EXERCISE DESCRIPTION: Transcribe exactly, please, the lines from the one containing "a table with" through the end of the records below, and leave out the pictures.
───── ENTRIES SUPPLIED
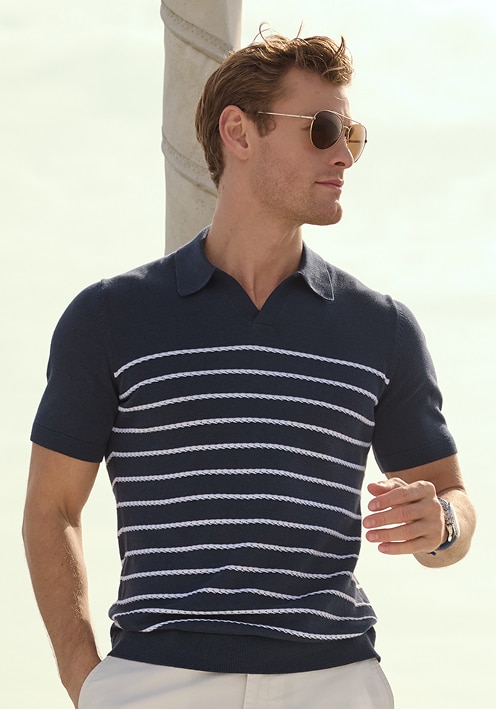 Man wearing a navy blue knit polo with white rope stripes and aviator sunglasses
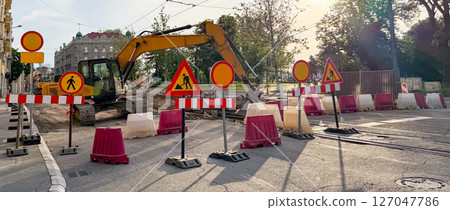Banner urban construction site with excavator and warning signs during street repairs. Urban infrastructure and public works 127047786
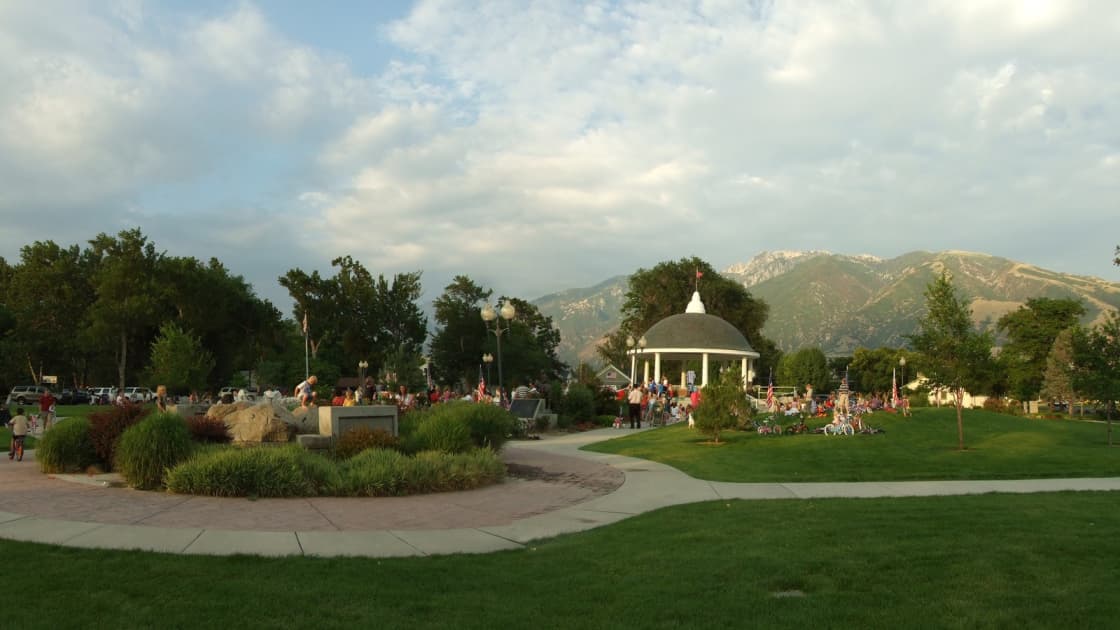 Families gather around the white domed gazebo at Draper Historic Park after the Draper Days children's parade, with decorated bikes and small flags on the lawn and the Wasatch peaks rising behind under a cloudy summer sky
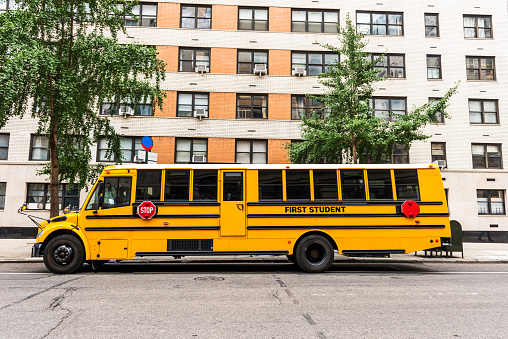 School Bus waiting in Fifth Avenue. Traditional yellow school bus. Manhattan, New York City. USA.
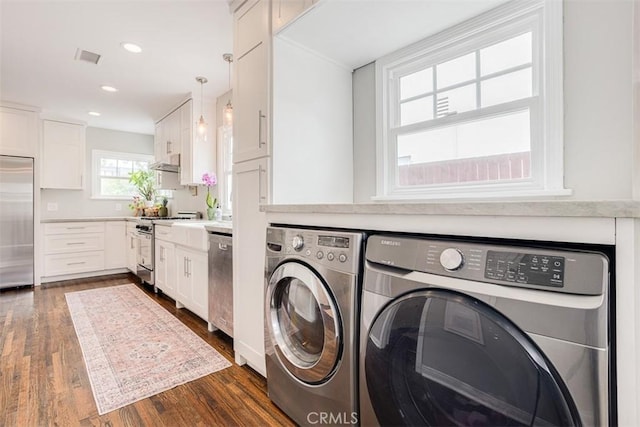 516 S Sparks St S, Burbank, CA 91506 - laundry room featuring recessed lighting, dark wood-style flooring, washer and dryer, visible vents, and laundry area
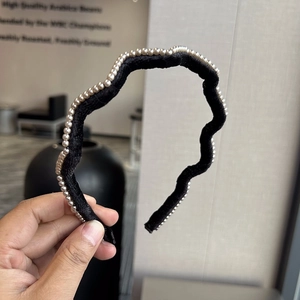 Vue détaillée d'un serre-tête ondulé en velours noir orné de perles d'imitation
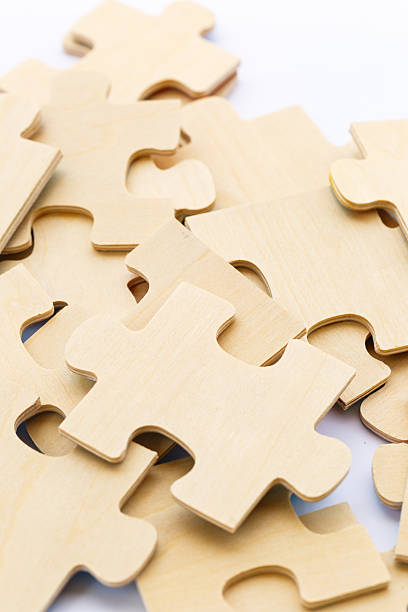 istock Wooden puzzle on white background 468634828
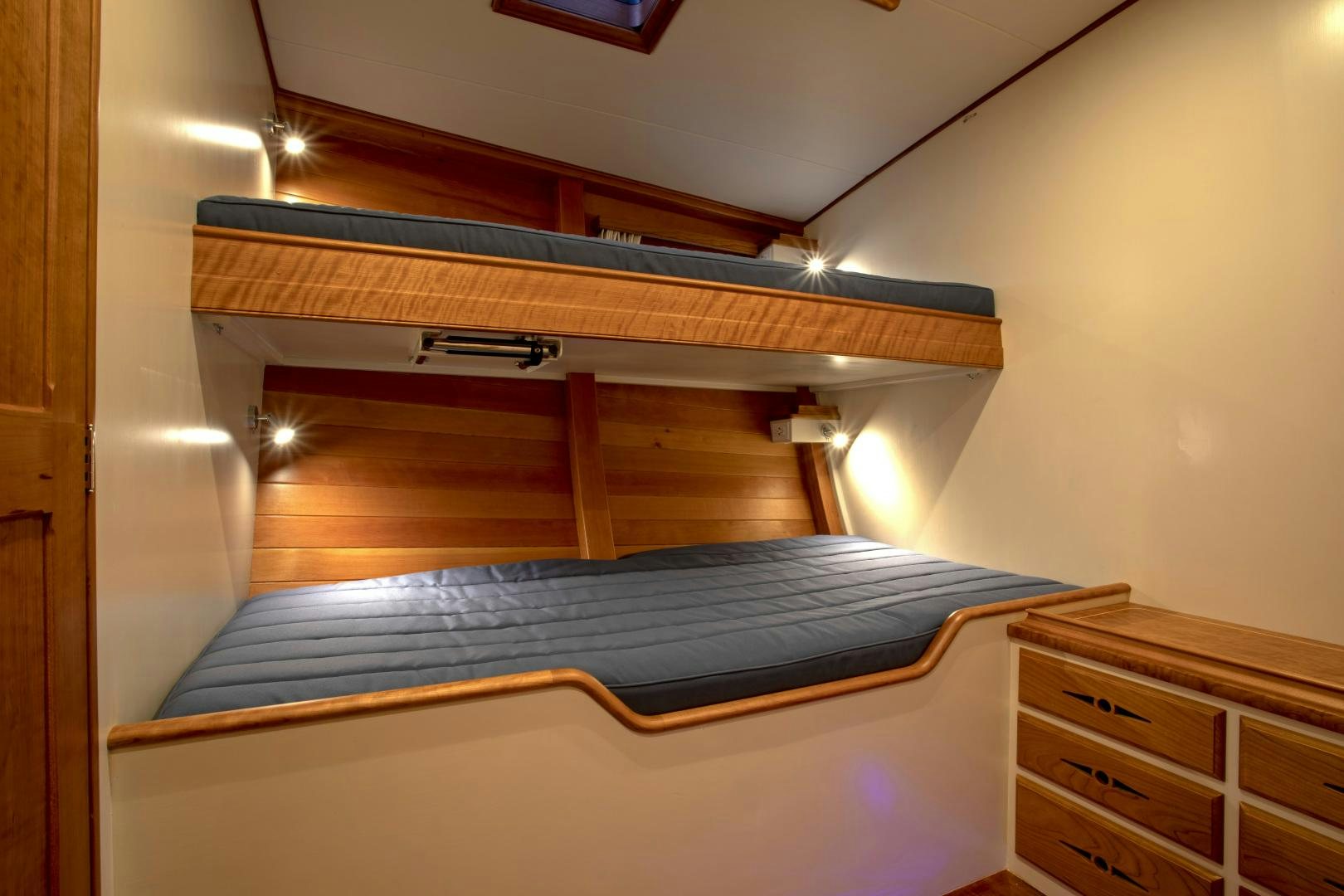 a bed with a blue sheet aboard SONNY III Yacht for Sale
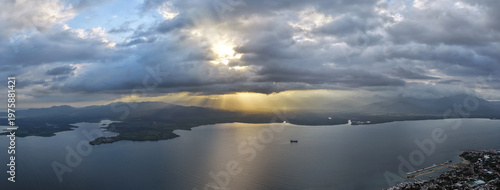 Aerial drone panorama captures Puerto Princesa Bay at sunset with golden light breaking through dramatic clouds over calm waters and distant mountain silhouettes across Palawan coastline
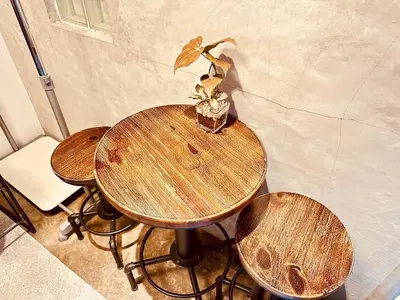 a table with two chairs and a plant on it at Hotel Axel Shinjuku in Tokyo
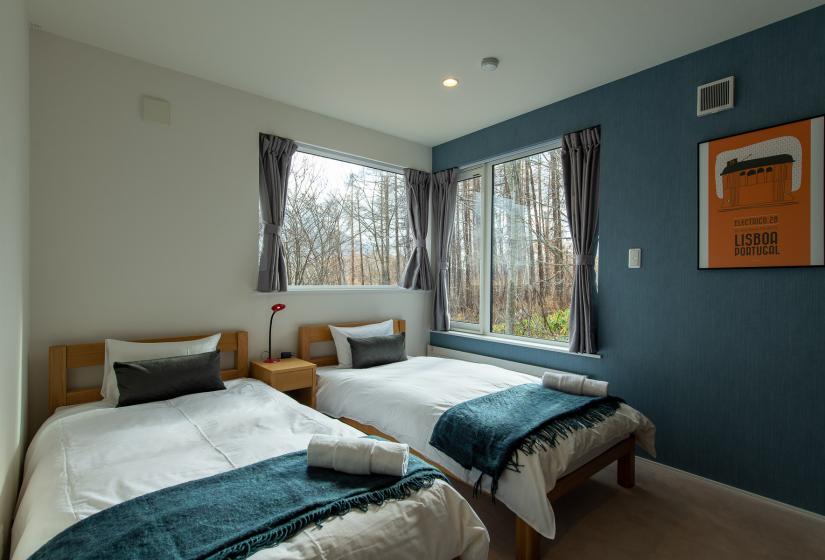 2 single beds with blue throws and blue wall to the right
──────────
ANSWER TO THIS PROBLEM:
 a table with two chairs and a plant on it at Hotel Axel Shinjuku in Tokyo
 2 single beds with blue throws and blue wall to the right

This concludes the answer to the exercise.